> Problem
From the listing below, reproduce exactly the lines starting with the one with "J. Jill Sweaters" and going on through the one with "Lokahi Lodge", both ends kept. No picture is copied.

> Material for this exercise
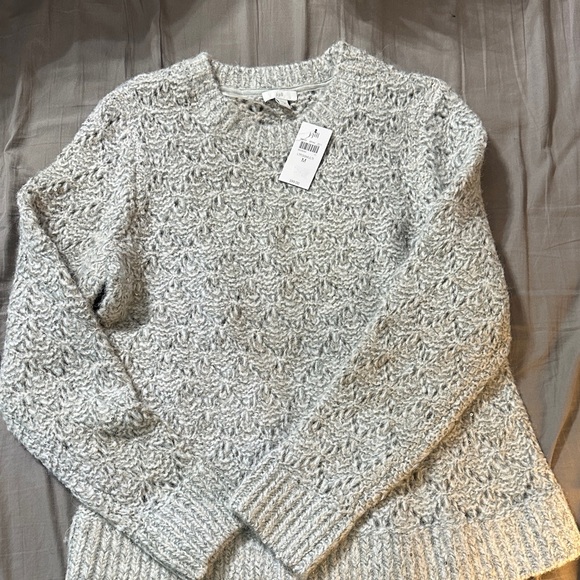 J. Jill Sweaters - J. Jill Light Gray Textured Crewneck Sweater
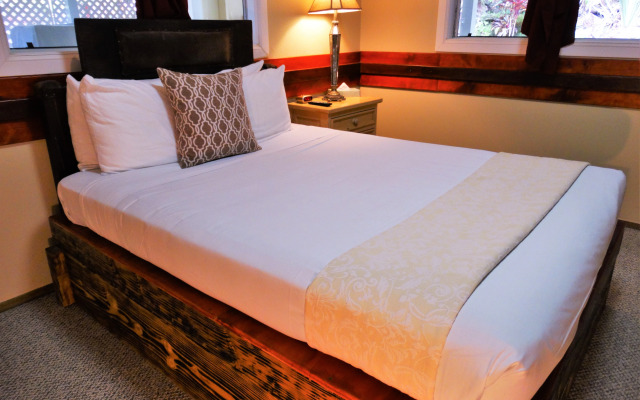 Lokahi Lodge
* * *
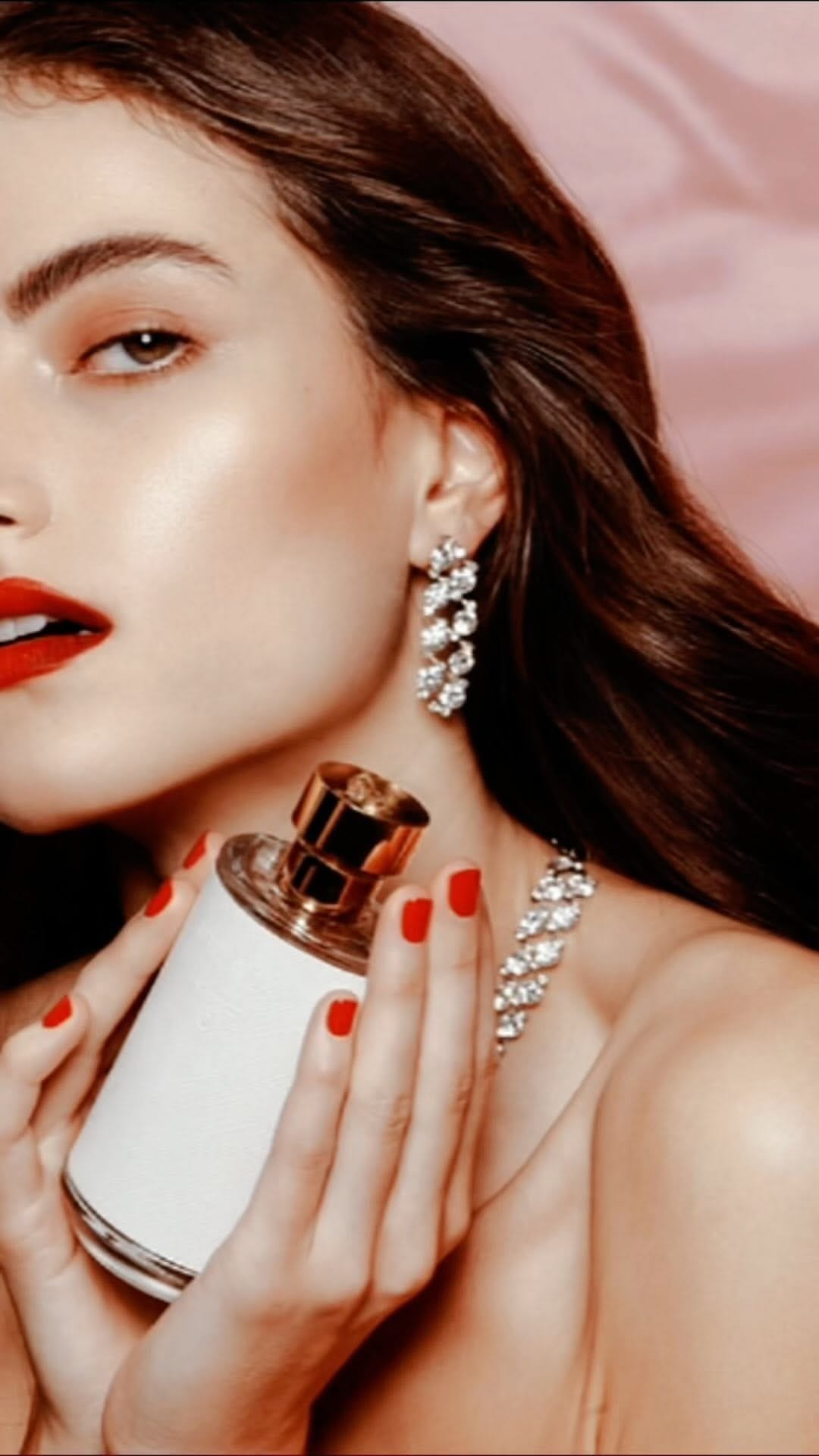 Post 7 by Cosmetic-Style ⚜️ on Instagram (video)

> Answer to this problem
 J. Jill Sweaters - J. Jill Light Gray Textured Crewneck Sweater
 Lokahi Lodge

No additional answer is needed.